-- What to work on --
In the entries that follow, find the line containing "2027 Nissan Sentra SV"; from there, copy every line exactly through the line containing "Kernsaniertes Apartment mit".

*** Record excerpts ***

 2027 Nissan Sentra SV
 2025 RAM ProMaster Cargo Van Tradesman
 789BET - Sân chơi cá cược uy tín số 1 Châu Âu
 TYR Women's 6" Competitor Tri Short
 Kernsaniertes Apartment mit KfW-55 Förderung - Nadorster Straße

*** End of Record excerpts ***
*** Record excerpts ***

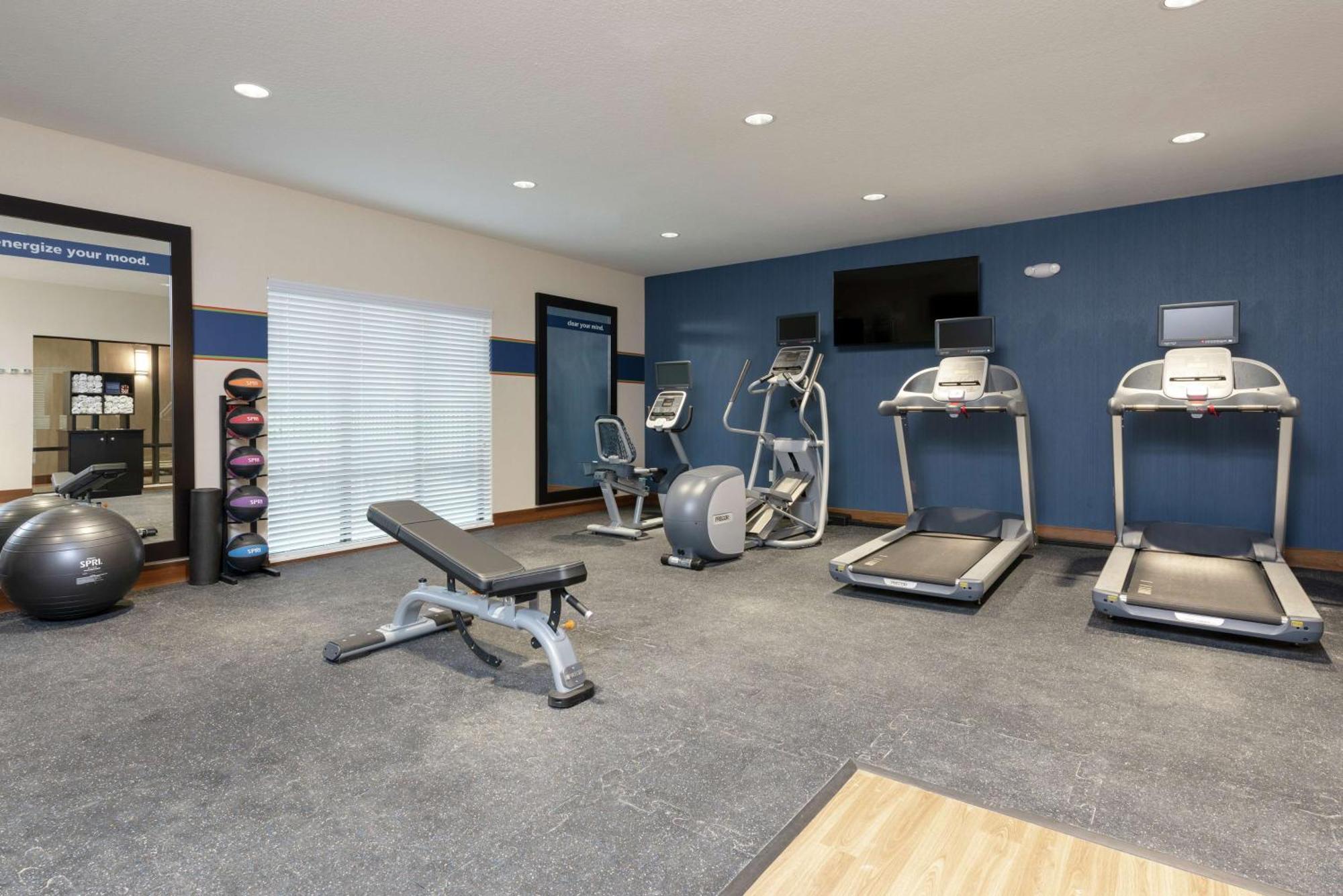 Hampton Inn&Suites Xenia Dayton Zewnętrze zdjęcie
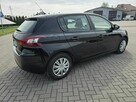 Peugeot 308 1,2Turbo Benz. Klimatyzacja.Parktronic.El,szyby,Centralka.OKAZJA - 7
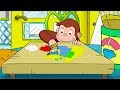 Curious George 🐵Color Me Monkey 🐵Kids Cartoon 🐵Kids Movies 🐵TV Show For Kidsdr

*** End of Record excerpts ***
*** Record excerpts ***

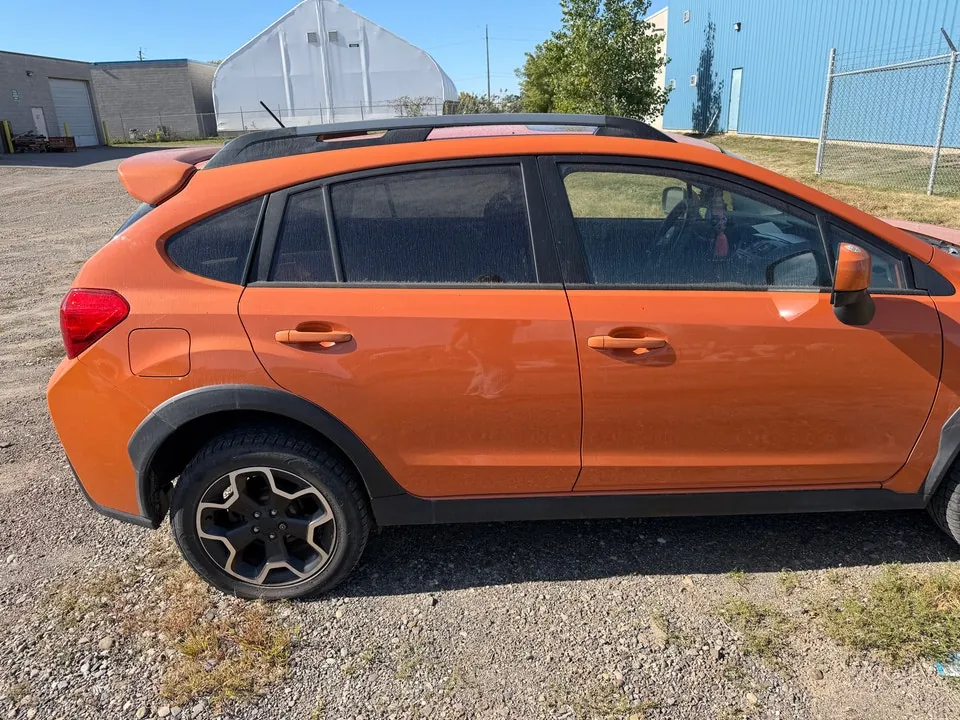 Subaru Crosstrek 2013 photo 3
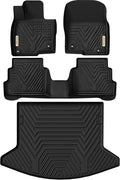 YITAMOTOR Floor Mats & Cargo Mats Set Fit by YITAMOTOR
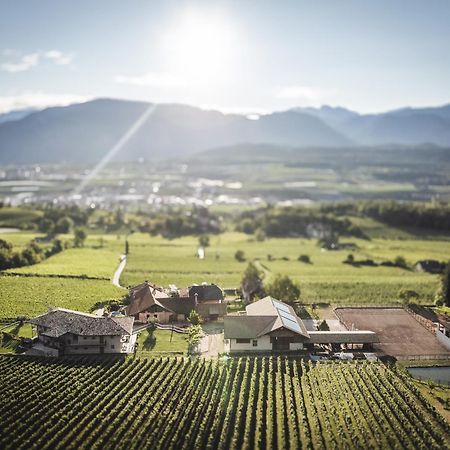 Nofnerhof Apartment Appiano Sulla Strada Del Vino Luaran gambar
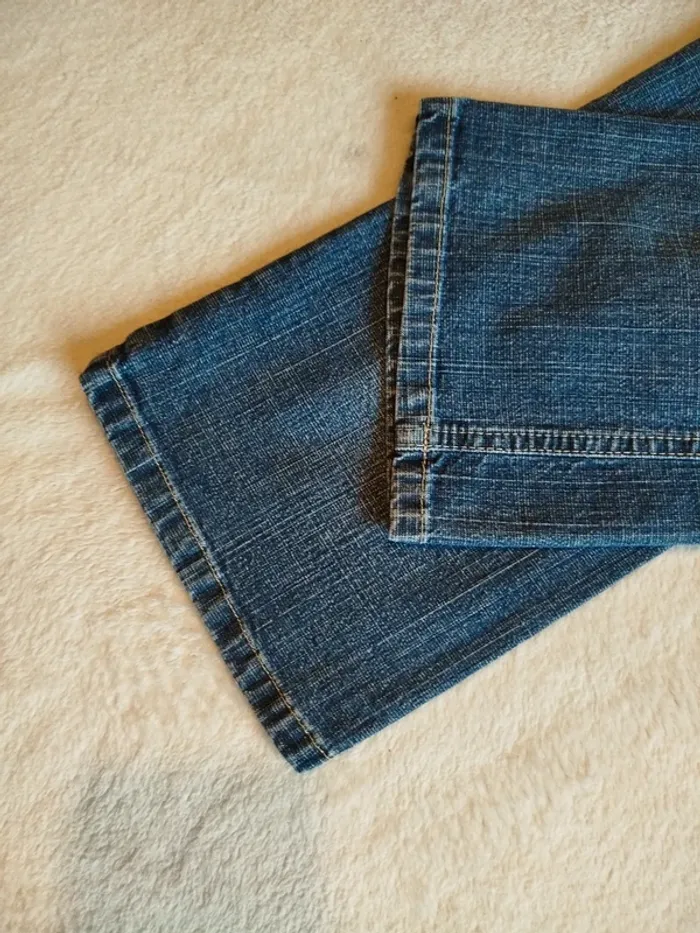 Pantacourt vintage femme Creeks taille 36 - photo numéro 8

*** End of Record excerpts ***

-- Task solution --
 2027 Nissan Sentra SV
 2025 RAM ProMaster Cargo Van Tradesman
 789BET - Sân chơi cá cược uy tín số 1 Châu Âu
 TYR Women's 6" Competitor Tri Short
 Kernsaniertes Apartment mit KfW-55 Förderung - Nadorster Straße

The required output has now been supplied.